Page MenuHomePhabricator

Performance review of Wikidata Bridge
Closed, ResolvedPublic

Description

Description

The Wikidata Bridge (formerly known as “client editing”) is a project aiming to make it possible to edit Wikidata’s data directly from Wikipedia. This will be achieved by an interface, connected to the infobox, that users can access directly from their local wiki. The development will be made in several phases, working together with the communities to understand their needs and build a tool that will connect the data and the communities in a better way.

Preview environment

https://en.wikipedia.beta.wmflabs.org/wiki/Wikidata_Bridge_Showcase
https://en.wikipedia.beta.wmflabs.org/wiki/Data_bridge

Which code to review

(Provide links to all proposed changes and/or repositories. It should also describe changes which have not yet been merged or deployed but are planned prior to deployment. E.g. production Puppet, wmf config, or in-flight features expected to complete prior to launch date, etc.).

  1. Everything in the client/data-bridge directory in the Wikibase extension (the file paths below are relative to this directory
  1. The modules that contain data-bridge or DataBridge in client/resources/Resources.php in the Wikibase extension
  1. Config changes (git log -G DataBridge):
Performance assessment

Please initiate the performance assessment by answering the below:

What work has been done to ensure the best possible performance of the feature?

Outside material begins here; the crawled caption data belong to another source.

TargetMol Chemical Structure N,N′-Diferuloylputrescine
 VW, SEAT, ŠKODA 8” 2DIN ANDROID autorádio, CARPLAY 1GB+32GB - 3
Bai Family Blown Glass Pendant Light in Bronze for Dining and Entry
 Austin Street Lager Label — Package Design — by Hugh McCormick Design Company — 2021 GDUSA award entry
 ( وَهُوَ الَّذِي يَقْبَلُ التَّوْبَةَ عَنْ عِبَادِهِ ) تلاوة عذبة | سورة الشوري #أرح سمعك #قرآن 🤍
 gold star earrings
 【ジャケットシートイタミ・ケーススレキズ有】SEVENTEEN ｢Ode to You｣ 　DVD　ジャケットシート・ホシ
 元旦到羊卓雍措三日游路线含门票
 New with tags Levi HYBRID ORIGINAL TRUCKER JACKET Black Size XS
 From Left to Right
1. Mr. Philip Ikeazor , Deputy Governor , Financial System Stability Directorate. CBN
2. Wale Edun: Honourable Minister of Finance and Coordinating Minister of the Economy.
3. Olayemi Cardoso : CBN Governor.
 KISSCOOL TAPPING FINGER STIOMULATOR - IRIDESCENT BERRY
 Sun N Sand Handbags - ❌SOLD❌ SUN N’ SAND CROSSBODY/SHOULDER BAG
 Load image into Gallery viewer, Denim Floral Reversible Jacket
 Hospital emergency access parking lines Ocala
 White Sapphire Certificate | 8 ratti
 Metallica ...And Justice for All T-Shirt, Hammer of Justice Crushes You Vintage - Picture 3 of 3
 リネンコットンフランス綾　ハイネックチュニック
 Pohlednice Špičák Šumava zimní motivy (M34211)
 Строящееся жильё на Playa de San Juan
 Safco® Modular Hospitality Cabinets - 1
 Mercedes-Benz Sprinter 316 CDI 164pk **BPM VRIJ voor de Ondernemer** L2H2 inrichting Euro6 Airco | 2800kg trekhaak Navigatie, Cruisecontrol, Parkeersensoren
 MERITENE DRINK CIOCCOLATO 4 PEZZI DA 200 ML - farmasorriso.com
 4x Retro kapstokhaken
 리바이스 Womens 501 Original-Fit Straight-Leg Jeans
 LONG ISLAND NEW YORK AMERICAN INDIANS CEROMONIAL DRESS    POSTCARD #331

a) Splitting the code to be loaded into a thin wrapper/module “init” that checks if there is actually a bridge enabled link on the page and a second, conditionally and lazily loaded module “app” containing the actual application:

  • the “init” module is built for target app
  • the “app” module is built as library (commonjs) to allow for runtime dispatching by other code (“init” module)
    • The vue dependency is externalized
    • Currently not tree-shaken or minified (see “potential optimisations”)

b) Combining API requests as much as possible (code)

c) Load items from Special:EntityData rather than via the API (amendment T240223)

  • There is a trade-off here. The output of Special:EntityData is cached in Varnish, reducing load on the app servers; on the other hand, with the wbgetentities API it is possible to limit the amount of data one receives (e. g. “I only need statements, not labels or sitelinks”). See also the related bullet point of the “weak areas” section. (Note, however, that wbgetentities currently does not support limiting the data to only statements for a certain property.)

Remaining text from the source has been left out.